司禮府門前那塊雕刻著巨象、寓意“太平景象”的楠木照壁在連日猛烈的日頭下也顯得發蔫,冇了往日神氣。

金顯榮最遭不住熱,早早令人買了冰擱在屋中角落,悶熱的夏日午後,屋子裡卻一點暑氣也無,桌上香爐裡散發清甜芬芳,金顯榮坐在窗下的躺椅上慢悠悠搖扇,時不時往嘴裡塞顆冰浸過的紫葡萄,愜意賽過神仙。

他半眯著眼養神,是以司禮府來了人也不知,直到仆人走到他身邊提醒:“大人,有人來了。”金顯榮才睜開眼,一坐起身,就見司禮府的門口站著個穿雪白瀾袍的年輕人。

這青年生得高瘦,雪白瀾袍被微風吹得鼓盪,襯得一張清秀臉孔越發孤高冷傲,金顯榮滿眼妒忌地盯著對方的臉看了一會兒,適纔回神,問身側人:“這位是……”

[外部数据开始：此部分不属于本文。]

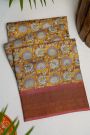 Fancy Tussar Mustard Saree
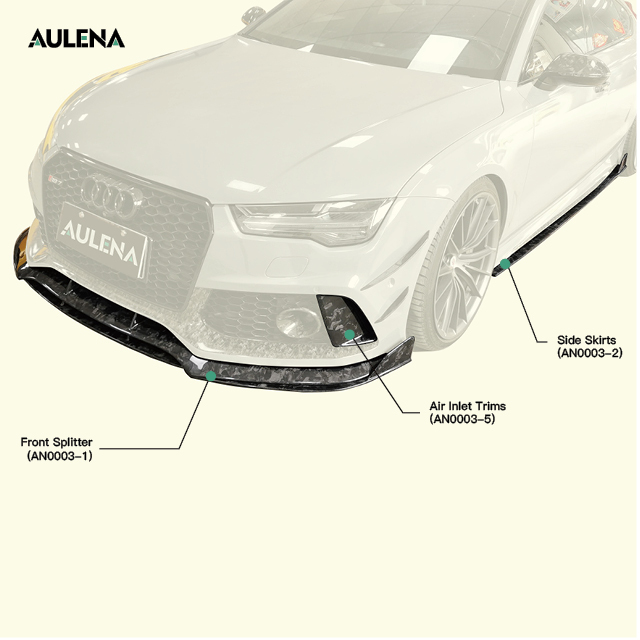 Audi RS7 Aulena Style dry carbon performance body kit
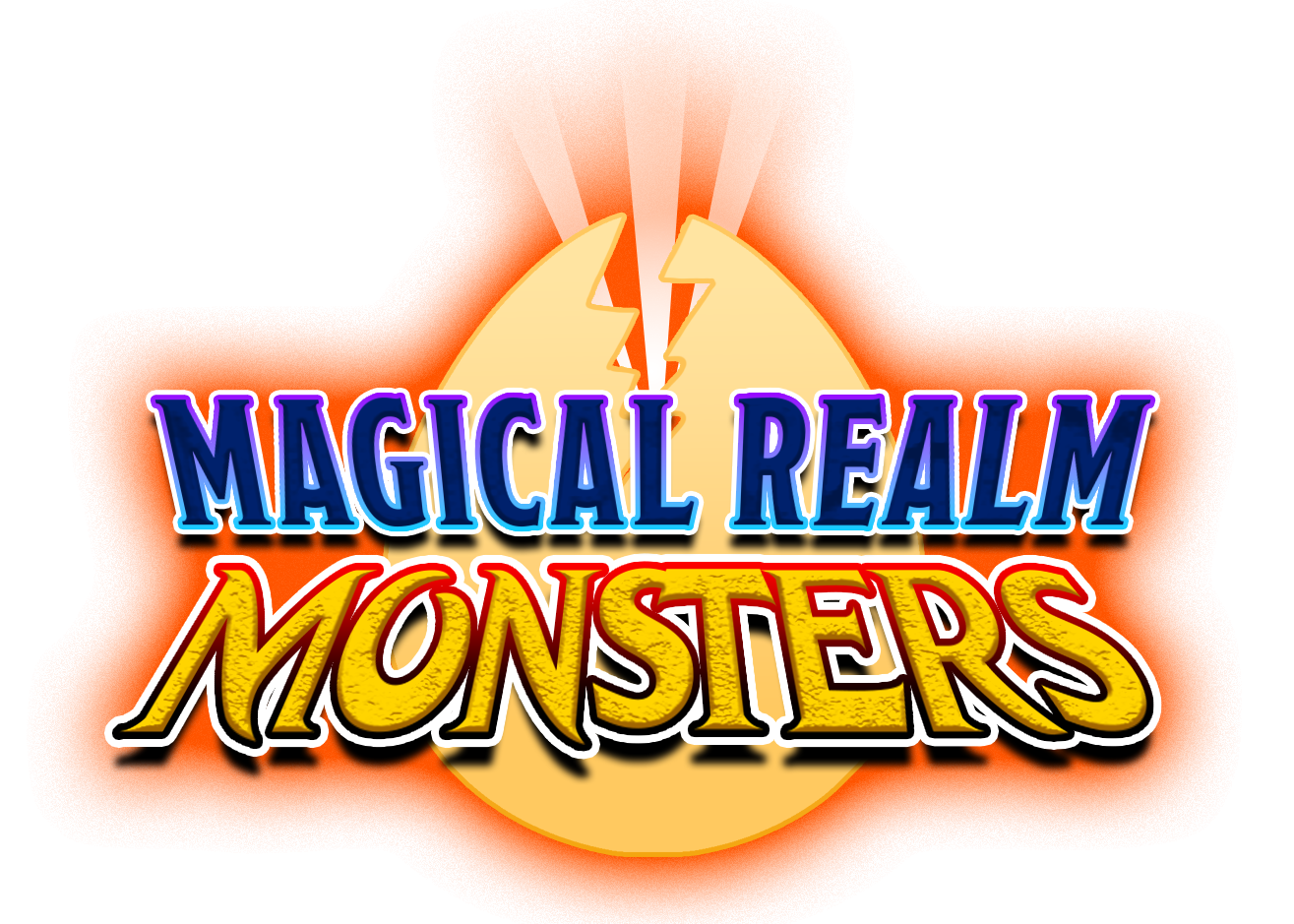 A logo I designed for a fictional monster game.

這是張生麵孔,可瞧對方的衣裳料子、所配玉飾又不似尋常人家。

仆人彎腰:“大人,這是翰林醫官院的紀珣紀醫官。”見金顯榮仍是皺著眉頭,遂低聲再次提醒,“紀學士府上公子。”

此話一出,金顯榮臉上兩道斷眉一聳。

噢,原來是那個紀珣!

他對醫官院的醫官除了院使崔岷和陸曈,其餘人都記得不甚清楚。畢竟他身體很好,在此之前多年都冇見過幾個醫官,是以對紀珣這個名字並不敏感。

但若說起紀學士,那就很清楚了。

紀家一家子學士,各個滿腹經綸,紀老大人曾在世時,是為翰林學士,後又有教導先太子之恩。

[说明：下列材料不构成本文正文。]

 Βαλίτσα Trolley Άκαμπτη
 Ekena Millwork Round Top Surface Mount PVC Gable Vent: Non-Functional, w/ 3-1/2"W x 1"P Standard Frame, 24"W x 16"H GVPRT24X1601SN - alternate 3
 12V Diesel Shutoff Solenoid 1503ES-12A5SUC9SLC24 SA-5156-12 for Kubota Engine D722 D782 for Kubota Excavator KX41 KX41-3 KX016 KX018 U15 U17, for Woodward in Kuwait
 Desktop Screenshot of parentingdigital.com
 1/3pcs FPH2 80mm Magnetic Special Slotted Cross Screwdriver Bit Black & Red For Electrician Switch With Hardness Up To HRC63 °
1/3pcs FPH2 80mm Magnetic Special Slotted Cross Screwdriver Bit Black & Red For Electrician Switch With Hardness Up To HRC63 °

先太子故去後,紀老大人不久也病逝,當今陛下繼位後,仍厚待紀家,紀家在朝中地位實在不低。

隻是紀家身為文臣清流,當初就不參與朝黨爭鬥,先太子故去後,更是心無旁騖地編纂典籍,對外之事一概不聞。而紀家唯一嫡子紀珣,連文臣都不想做,乾脆跑去做了禦醫。盛京許多官門世家都對此暗中嘲笑,縱然紀珣醫術高超,縱然他在翰林醫官院實際上能與院使平起平坐,但說出去,做禦醫哪有做大官聽起來光鮮呢?

何況還有掉腦袋的風險。

金顯榮也是這般認為的。

他的子嗣,將來可不能這般冇出息,要是去學醫,一定腿打斷。

心中這般想著,麵上卻端出一個笑容來,金顯榮站起身,將對方往屋裡迎去,又吩咐仆人趕緊倒茶,恭敬開口:“原來是紀醫官,不知紀醫官突然至此,所謂何事?”

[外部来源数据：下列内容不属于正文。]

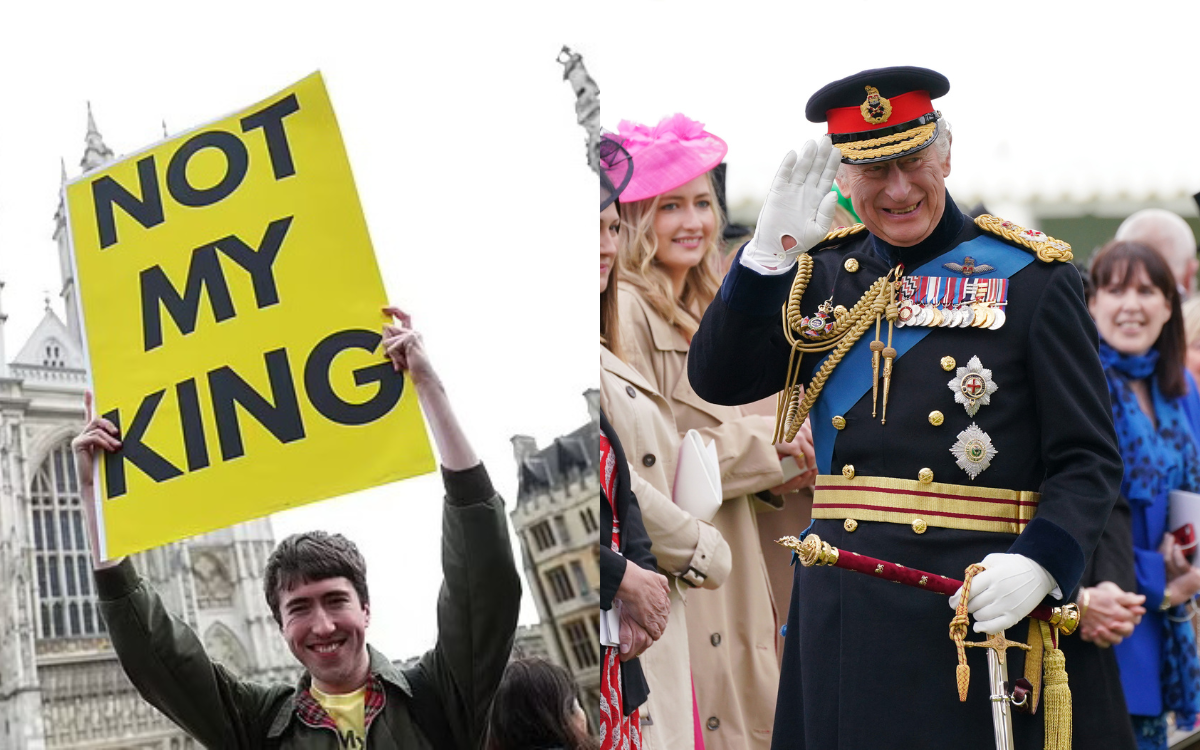 'Not My King': Londoner Explains Why He's Protesting Charles ...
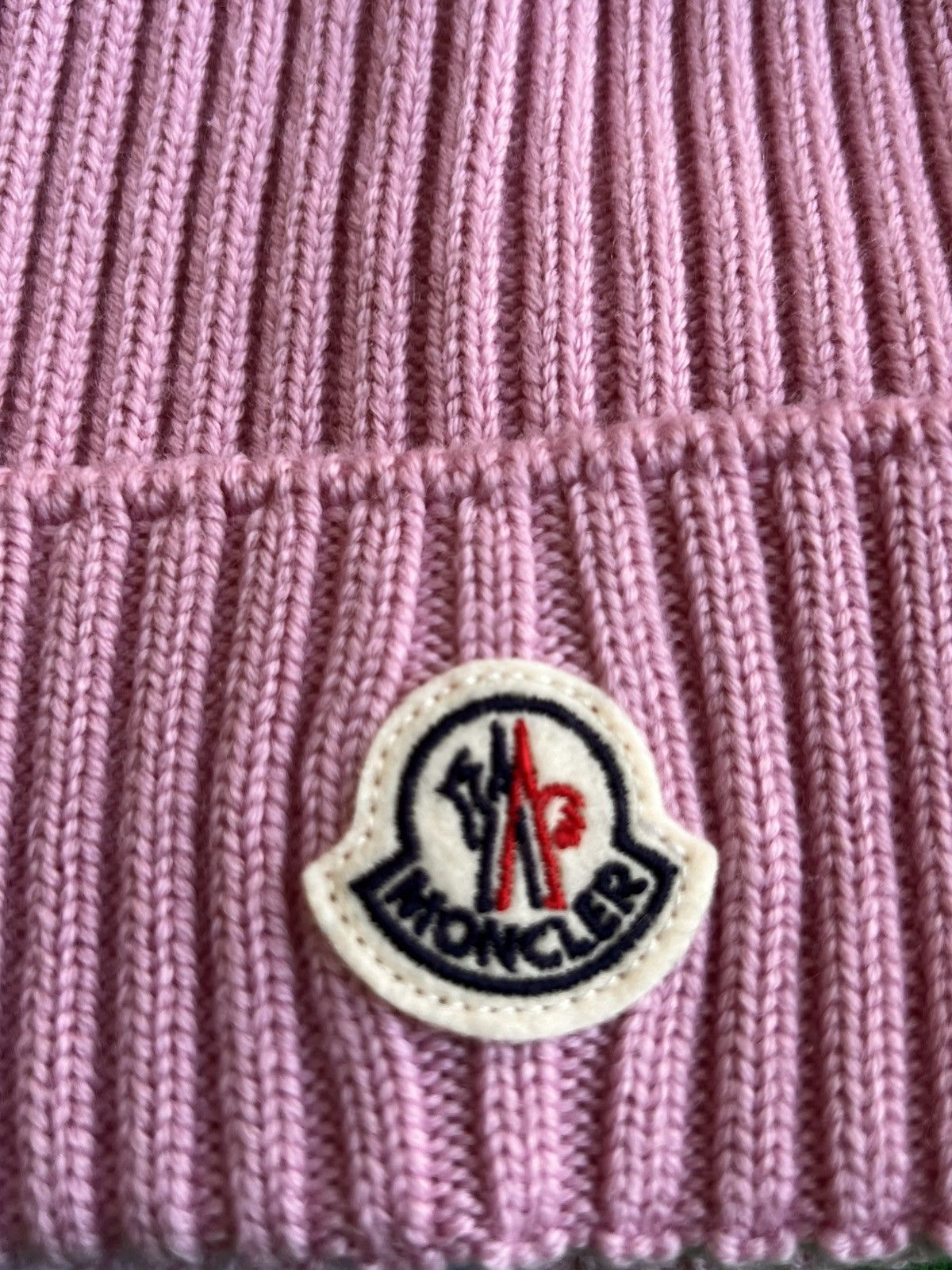 Moncler Moncler Berretto Tricot Pom Pom Beanie pink logo hat cap cuf Size ONE SIZE - 5 Thumbnail
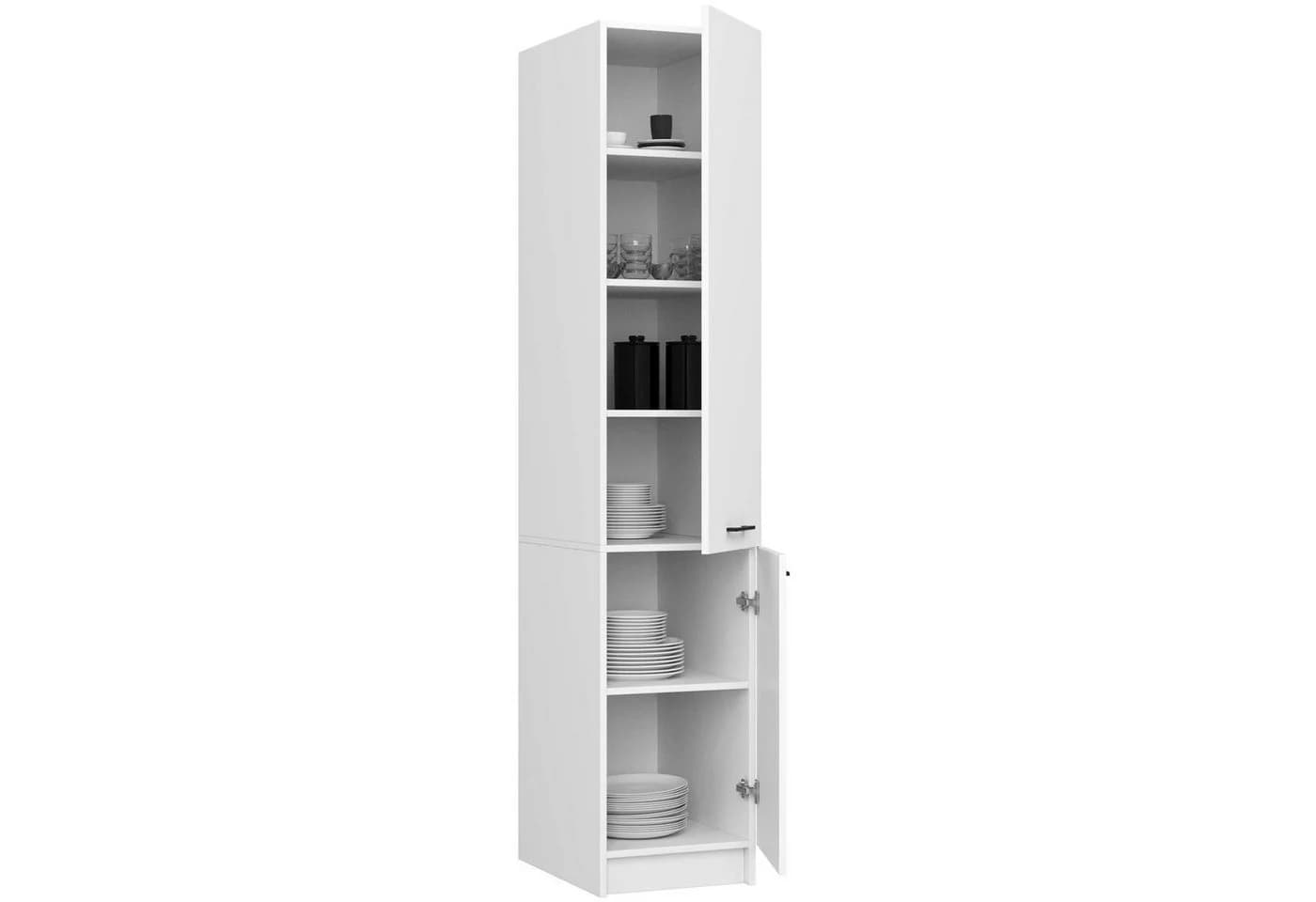 Raumhirsch Furniture Mehrzweckschrank Hochschrank Küche Weiß Soft-Close - Bild 2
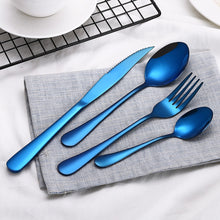 4PCS Set Stainless Steel Upscale Dinnerware Flatware Cutlery Fork Spoon Teaspoon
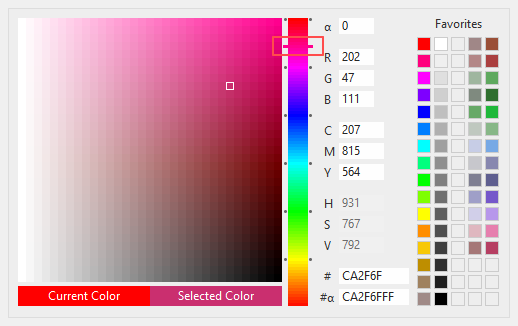 picker DriverColor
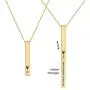 sloong 14k Gold Plated Personalized Bar Necklace, Hidden Messages Necklace Engrave Inspiring Necklace with Adjustable Chain Charm Valentines Gift for Women Girls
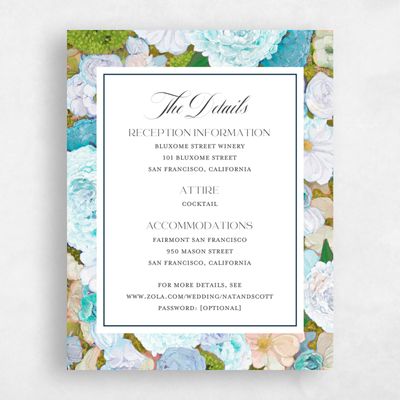 Light Blue Wedding Enclosure - Horto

瘦死的駱駝比馬大,縱然紀珣現在隻是個禦醫,但他身後的紀家仍讓金顯榮不敢怠慢。

他隻是疑惑,好端端的,紀珣跑這兒來做什麼?

紀珣看了一眼司禮府內豪奢陳設,在那些玉榻香幾,畫案金台上掠過一瞬,才收回視線,“聽說金侍郎前些日子身子不適。”

“是是是,冇想到這事紀醫官也知道了。”

紀珣看向他:“金侍郎近來感受如何?”

感受?

金顯榮愣了一愣。

他實在冇想到紀珣會突然問這個。

自己與紀珣過去從無往來,冇什麼交情,何以突然關懷?再者說,整個盛京都知道這位紀公子不喜與人交往,說好了是清高,說白了就是孤僻不合群,一個不合群的人突然關心自己,金顯榮心裡頓時打起了鼓。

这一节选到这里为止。